Are there $a,b \in \mathbb{N}$ that ${(\sum_{k=1}^n k)}^a = \sum_{k=1}^n k^b $ beside $2,3$

Question

We know that: $$\left(\sum_{k=1}^n k\right)^2 = \sum_{k=1}^n k^3 $$

My question is there other examples that satisfies: $$\left(\sum_{k=1}^n k\right)^a = \sum_{k=1}^n k^b $$

Answer 1

We can write

$$\sum^n_{k=1} k^a = \frac{1}{a+1} n^{a+1} + O(n^a).$$

The easiest way to convince yourself of this is to use a comparison test with an integral.

Thus, for the following to hold $$\left(\sum_{k=1}^n k\right)^a = \sum_{k=1}^n k^b,$$ we need the highest order terms in the polynomials to be equal: $$\left(\frac{1}{2}\right)^a n^{2a} = \frac{1}{b+1} n^{b+1}.$$

This gives the simultaneous set of equations

$$2^a=b+1$$ and $$2a=b+1.$$

This can only hold when $a=2$, and hence $b=4-1=3$, or $a=1$ and $b=2-1=1$.

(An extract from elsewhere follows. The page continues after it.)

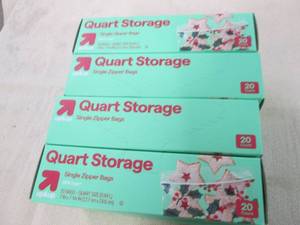 lot 220 image: 8 20 Count quart storage bags...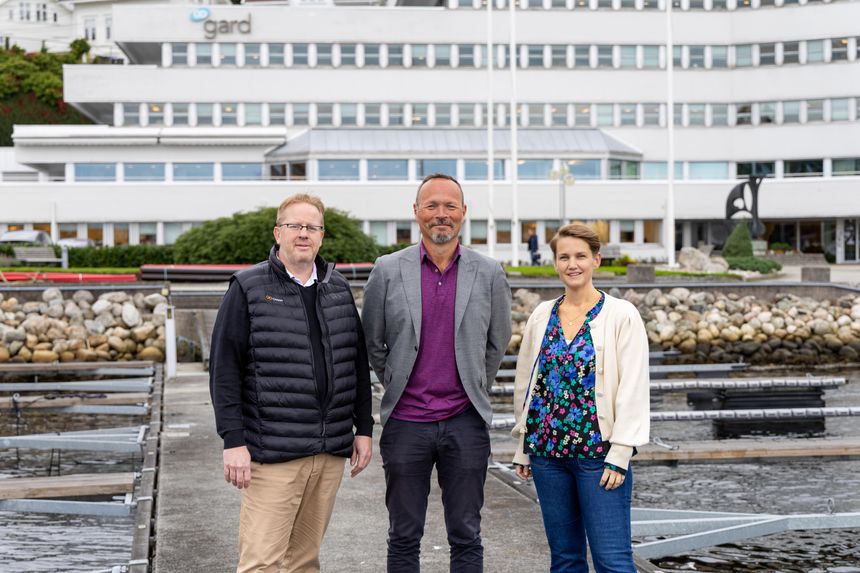 Ingebretsen, Valland og Holtklimpen foran hovedkontoret til Gard i Arendal, der rundt 300 av de ansatte jobber.  Foto:  TUM Studio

Certainly, we have $f(a)=2^a-2a$ for integer $a$ so $f''(a)=(\ln a)^2 2^a > 0$ and $f$ is strictly convex. It is easily shown that such a function cannot have more than two zeros immediately from the definition of convexity. Hence our two solutions are unique.

Answer 2

Let $a=1+2+3+\cdots+n = \dfrac{n(n+1)} 2$.

Then whenever $p$ is an odd number, the sum $$ 1^p+2^p+3^p+\cdots + n^p $$ can be written as a polynomial function of $a$.

https://en.wikipedia.org/wiki/Faulhaber%27s_formula#Faulhaber_polynomials

Answer 3

Put $n=2.$ Then the RHS is$$S=\sum k^b=2^b+1=\frac{2^{2b}-1}{2^b-1}.$$ By Zsigmondy's Theorem, if $b\ne 3$, there is a prime $p$ where the order of 2 mod $p$ is $2b$, and so $p\mid S$. (If $b=3$, the RHS is $9=3^2$ and there is no such $p$, for the order of 2 mod 3 is 2, not 6.)

Further, $p\mid (2^c+1)$ only if $b\mid c$, thus not for any $0<c<b$. But the only primes that divide $\left[\sum k\right]^a$ are those that divide $3^a$, viz 3.

Even if the LHS were generalised to $S=\left[\sum k^c\right]^a$, then, for a non-trivial solution, $a>1$ and $c<b$, so the above prime $p\nmid S$.